Le moral des ménages français est établi au travers d’un indice synthétique résumant l’évolution concomitante de plusieurs variables dont les mouvements sont très corrélés. L’INSEE établit cet indicateur à partir de 8 questions divisées en deux grandes catégories : l’une portant sur la situation personnelle des ménages, l’autre sur leur perception de l’évolution économique en général.
Les items abordés concernent les niveaux de vie passé et futur en France, la situation financière personnelle passée et future, le chômage, l’opportunité de faire des achats importants, les capacités d’épargne actuelle et future. Pour chaque question posée, un solde d’opinion est calculé par différence entre les pourcentages de réponses positives et négatives. 
Le niveau de ces soldes n’est pas directement interprétable. C’est pourquoi, les commentaires s’appuient sur leurs seules évolutions et écarts à la moyenne de long terme. Plus la valeur globale est élevée, plus le jugement des ménages sur la situation économique est favorable. Cet indice est, en quelque sorte, un indicateur avancé pour évaluer le niveau à venir de la consommation et, partant de là, celui de la croissance puisqu’en France, la consommation des ménages contribue pour près de 2/3 à la croissance. 
Alors que depuis la fin de l’automne dernier, le moral des ménages s’était fortement redressé, il a chuté, en ce mois de février, de 4 points pour retrouver sa tendance de long terme (100). Cet indice de moral a perdu ainsi tout le terrain gagné depuis quatre mois. 
Pour revenir à votre question, non seulement les ménages estiment que leur situation financière s’est dégradée dans un passé récent, mais ils sont aussi plus pessimistes qu’en janvier sur leur aisance monétaire future. Si le fait de signaler que cette baisse du moral intervient dans le contexte d’une hausse de la CSG et de la fiscalité sur le carburant et le tabac, le chiffre publié indique néanmoins que les Français semblent être déçus par les récentes réformes engagées par le gouvernement qui affectent, pour l’instant, leur pouvoir d’achat. Mais cela était attendu du fait d’un « effet de calendrier » des réformes fiscales engagées. 

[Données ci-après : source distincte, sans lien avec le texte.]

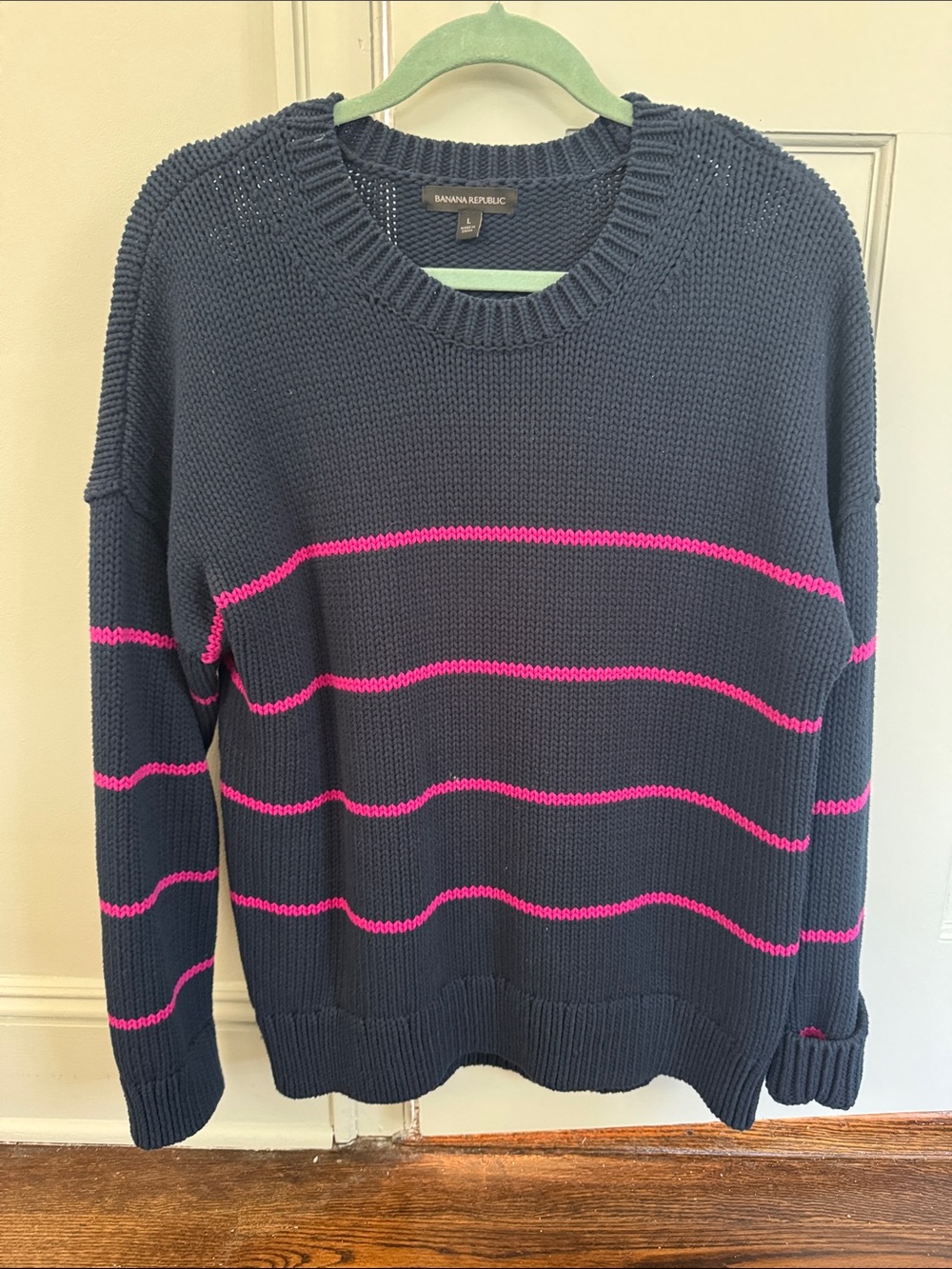 Banana Republic Men's Navy Crewneck Sweater with Bright Pink Stripes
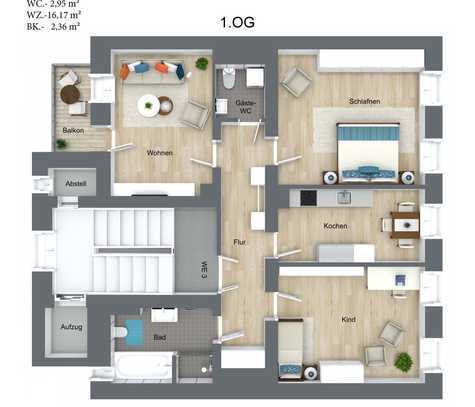 Erstbezug im KfW 70 Haus: hochwertige 3-Zimmer Whg. mit Balkon & Fahrstuhl ab 01.11.24 frei!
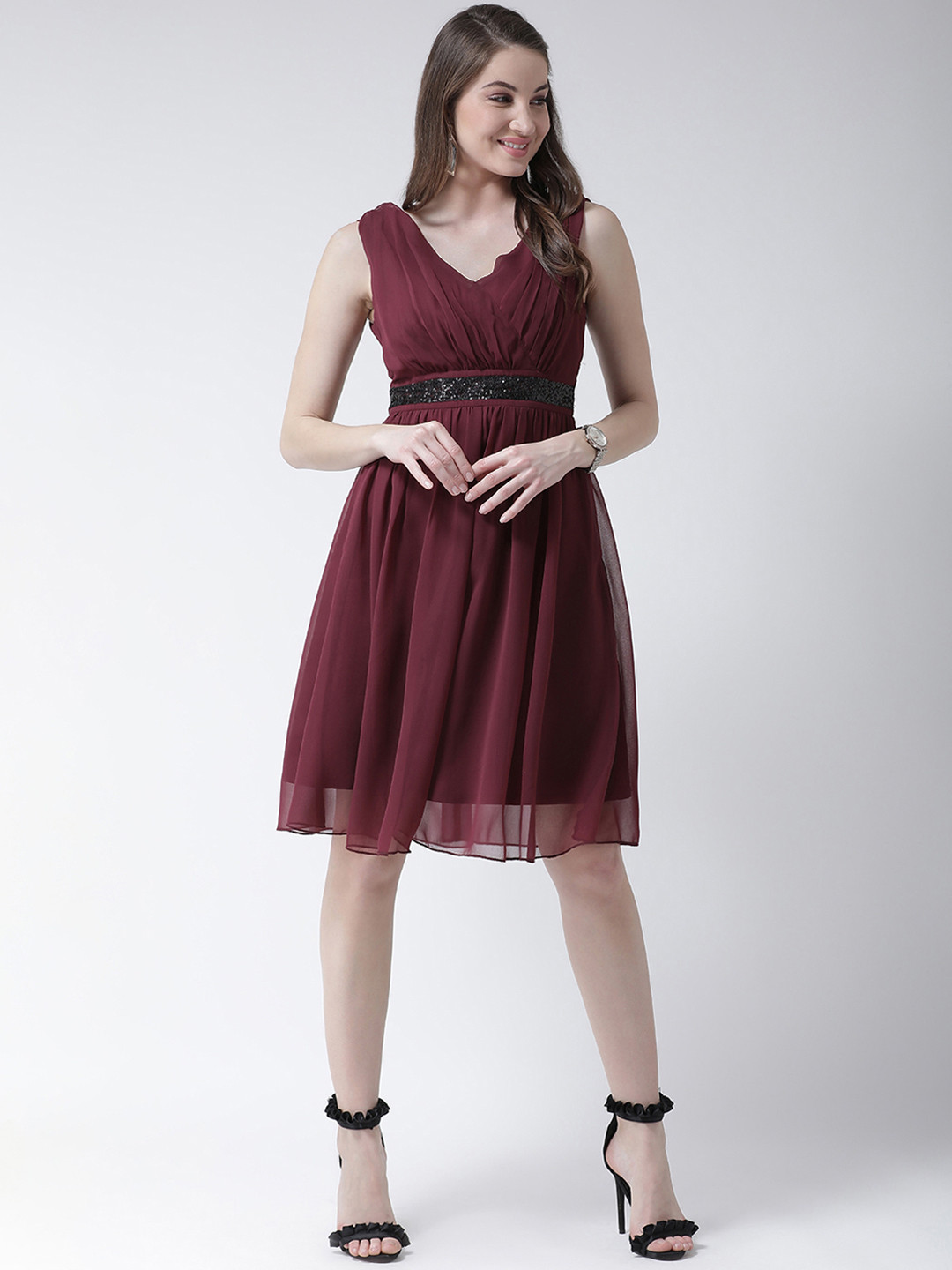 KASSUALLY Women Maroon Pleated Yoke Empire Dress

Dans quelle mesure, cet effet pourrait-il avoir un impact sur l’optimisme actuel relativement à la conjoncture économique ? 

La conséquence directe de ce regain de pessimisme est que les Français risquent bien de serrer un peu plus les cordons de leur bourse en ce début d’année. En effet, la part des répondants estimant pouvoir épargner dans le futur chute également. 
Pour autant, il n’y a pas péril en la demeure, puisque, selon l’INSEE, la proportion de ménages jugeant qu’il est opportun de faire des achats importants est quasi-stable en février. De plus, le solde correspondant reste largement au-dessus de sa moyenne de longue période. 
Le gouvernement pourra aussi se rassurer en constatant que les ménages restent relativement optimistes sur l’évolution du chômage au cours des douze prochains mois puisque le solde correspondant est au plus bas depuis six mois.
Au final, le résultat publié par l’INSEE vient corroborer une étude réalisée par l’OFCE sur le budget 2018 d’Emmanuel Macron. Elle estime que les mesures fiscales auront un effet négatif sur le pouvoir d’achat en début d’année, puis positif en fin d’année. Elle confirme, ce que l’on sait déjà : les ménages les plus aisés seront les grands gagnants, cette année, des réformes en termes de niveau de vie et que les réformes devraient porter le pouvoir d’achat en 2019. En effet, les mesures qui devraient favoriser la consommation des Français devraient intervenir plus tard dans l’année. 

Le gouvernement a-t-il ainsi sous-estimé l'impact psychologique des mesures différées qu'il a pu mettre en place ?

Je ne le pense pas. Revenons à l’effet de calendrier dont j’ai parlé.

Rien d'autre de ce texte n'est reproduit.